• _Task brief_
Retype the listing that follows without a single change.
*** Opening of Record set ***
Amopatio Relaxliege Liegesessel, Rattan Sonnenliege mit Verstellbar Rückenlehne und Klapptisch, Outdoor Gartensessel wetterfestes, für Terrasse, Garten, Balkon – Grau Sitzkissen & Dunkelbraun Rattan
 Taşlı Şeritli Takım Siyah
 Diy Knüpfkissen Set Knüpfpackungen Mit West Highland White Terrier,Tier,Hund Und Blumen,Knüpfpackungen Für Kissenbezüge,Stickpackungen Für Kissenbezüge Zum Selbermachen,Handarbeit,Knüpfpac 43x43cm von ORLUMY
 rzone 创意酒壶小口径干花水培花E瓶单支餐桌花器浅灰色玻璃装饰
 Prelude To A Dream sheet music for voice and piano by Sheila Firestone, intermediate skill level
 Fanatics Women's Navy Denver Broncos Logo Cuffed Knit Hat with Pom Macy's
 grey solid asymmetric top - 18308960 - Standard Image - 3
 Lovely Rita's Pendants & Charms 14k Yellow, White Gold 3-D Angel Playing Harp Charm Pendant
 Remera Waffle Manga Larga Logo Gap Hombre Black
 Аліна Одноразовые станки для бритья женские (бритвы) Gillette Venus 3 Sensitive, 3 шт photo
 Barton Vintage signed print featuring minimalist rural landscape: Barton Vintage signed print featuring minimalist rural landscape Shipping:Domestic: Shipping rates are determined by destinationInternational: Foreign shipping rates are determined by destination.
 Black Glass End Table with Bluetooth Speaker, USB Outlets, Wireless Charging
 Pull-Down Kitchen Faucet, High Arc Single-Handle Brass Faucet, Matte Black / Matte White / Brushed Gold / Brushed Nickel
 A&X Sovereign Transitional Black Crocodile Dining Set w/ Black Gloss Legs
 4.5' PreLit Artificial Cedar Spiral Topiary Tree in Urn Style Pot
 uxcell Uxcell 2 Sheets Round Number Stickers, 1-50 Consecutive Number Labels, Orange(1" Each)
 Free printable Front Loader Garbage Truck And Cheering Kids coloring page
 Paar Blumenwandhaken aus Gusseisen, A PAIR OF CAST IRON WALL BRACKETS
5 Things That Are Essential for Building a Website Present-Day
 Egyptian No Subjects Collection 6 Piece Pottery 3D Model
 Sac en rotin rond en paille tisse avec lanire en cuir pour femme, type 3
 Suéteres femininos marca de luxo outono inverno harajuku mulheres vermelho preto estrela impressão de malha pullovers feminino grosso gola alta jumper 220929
*** Close of Record set ***
• _Task response_
Amopatio Relaxliege Liegesessel, Rattan Sonnenliege mit Verstellbar Rückenlehne und Klapptisch, Outdoor Gartensessel wetterfestes, für Terrasse, Garten, Balkon – Grau Sitzkissen & Dunkelbraun Rattan
 Taşlı Şeritli Takım Siyah
 Diy Knüpfkissen Set Knüpfpackungen Mit West Highland White Terrier,Tier,Hund Und Blumen,Knüpfpackungen Für Kissenbezüge,Stickpackungen Für Kissenbezüge Zum Selbermachen,Handarbeit,Knüpfpac 43x43cm von ORLUMY
 rzone 创意酒壶小口径干花水培花E瓶单支餐桌花器浅灰色玻璃装饰
 Prelude To A Dream sheet music for voice and piano by Sheila Firestone, intermediate skill level
 Fanatics Women's Navy Denver Broncos Logo Cuffed Knit Hat with Pom Macy's
 grey solid asymmetric top - 18308960 - Standard Image - 3
 Lovely Rita's Pendants & Charms 14k Yellow, White Gold 3-D Angel Playing Harp Charm Pendant
 Remera Waffle Manga Larga Logo Gap Hombre Black
 Аліна Одноразовые станки для бритья женские (бритвы) Gillette Venus 3 Sensitive, 3 шт photo
 Barton Vintage signed print featuring minimalist rural landscape: Barton Vintage signed print featuring minimalist rural landscape Shipping:Domestic: Shipping rates are determined by destinationInternational: Foreign shipping rates are determined by destination.
 Black Glass End Table with Bluetooth Speaker, USB Outlets, Wireless Charging
 Pull-Down Kitchen Faucet, High Arc Single-Handle Brass Faucet, Matte Black / Matte White / Brushed Gold / Brushed Nickel
 A&X Sovereign Transitional Black Crocodile Dining Set w/ Black Gloss Legs
 4.5' PreLit Artificial Cedar Spiral Topiary Tree in Urn Style Pot
 uxcell Uxcell 2 Sheets Round Number Stickers, 1-50 Consecutive Number Labels, Orange(1" Each)
 Free printable Front Loader Garbage Truck And Cheering Kids coloring page
 Paar Blumenwandhaken aus Gusseisen, A PAIR OF CAST IRON WALL BRACKETS
5 Things That Are Essential for Building a Website Present-Day
 Egyptian No Subjects Collection 6 Piece Pottery 3D Model
 Sac en rotin rond en paille tisse avec lanire en cuir pour femme, type 3
 Suéteres femininos marca de luxo outono inverno harajuku mulheres vermelho preto estrela impressão de malha pullovers feminino grosso gola alta jumper 220929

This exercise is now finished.